In terms of configuration management, automation and orchestration, capabilities inherent in the latest tools are able to integrate and streamline processes, which reduce human effort and the associated potential for error.
This, in turn, leads to swift and more accurate service delivery, a reduced staff requirement and lower operating costs. As an example, new systems tools have a highly flexible delivery mechanism that allows customised desktops to be automatically provisioned efficiently, effectively and consistently, and can facilitate the on-going management of a desktop workspace, whether it is on premise or in the cloud.
This includes delivering patches and security updates, adding and removing software, and reporting on the status of the desktop in terms of what’s installed for a particular user, what isn’t and what should be.
Such tools also enable businesses to become more agile. Given the heterogeneous nature of the typical IT estate, the question of the interoperability of this new breed of systems management tools inevitably arises.
In a significant break from traditionally fierce protection of market share, many vendors are designing their products not only to operate within physical, virtual and hybrid environments, but also to interoperate with those of their competitors’ products. Citrix, for example, supports Microsoft’s application virtualisation capabilities. Microsoft will manage Android and Blackberry applications.
Entrenching standards – the final step
To complete the move from pure functionality to a more holistic management capability, the new generation of systems management tools has good practice standards, such as Information Technology Infrastructure Library (ITIL), embedded in the software.
“Mature organisations do embrace ITIL and similar frameworks, but some organisations find it a challenge to translate the theory of ITIL into practical tools and systems,” says Flint. “By contrast, if the tools and systems can implement ITIL for you, you have a far better chance of making best practice a practical reality within your operations.”

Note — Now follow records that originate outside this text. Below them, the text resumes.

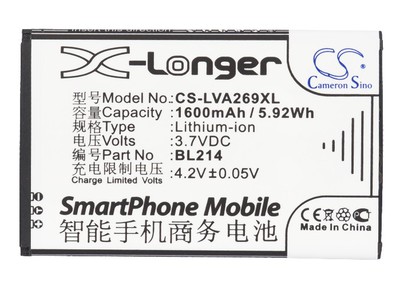 CameronSino CS-LVA269XL (,  1)
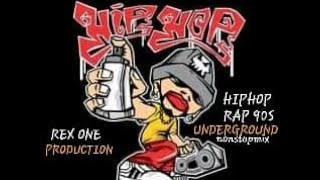 jump around = insane in the brain = tres delinquentes = HIPHOP RAP UNDERGROUND 90S  DJREX REMIX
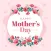 Mother's Day Photo Frame Cards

Embedded ITIL also helps ensure that service providers manage the services and outcomes they provide to their clients in an optimised way. The organisation is, therefore, no longer dependent on the individualised capability of its service providers and service managers.
It can rest assured not only that its technology, whether it be insourced or outsourced, will work to good practice frameworks, but also that the services delivered by that technology will achieve these standards.
Part of the evolution
Innovation and advancements in the systems management domain are being fuelled by, and are reflective of, the on-going evolution in the relationship between the in-house IT department, its service providers and business users, and the complexity of the technology environments in which they operate.
Ultimately, in order to provide users with the end-to-end service they expect, irrespective of whether the IT department provides it in-house and on premise or in a private cloud, outsources the function to a service provider or moves to a public cloud, those whose responsibility the delivery of the service it is are increasingly recognising the wisdom of harnessing the potential inherent next generation systems management tools.
The message is clear: simplify, automate and streamline what takes place in the back-end and, in doing so, move from piecemeal systems administration to seamless service delivery.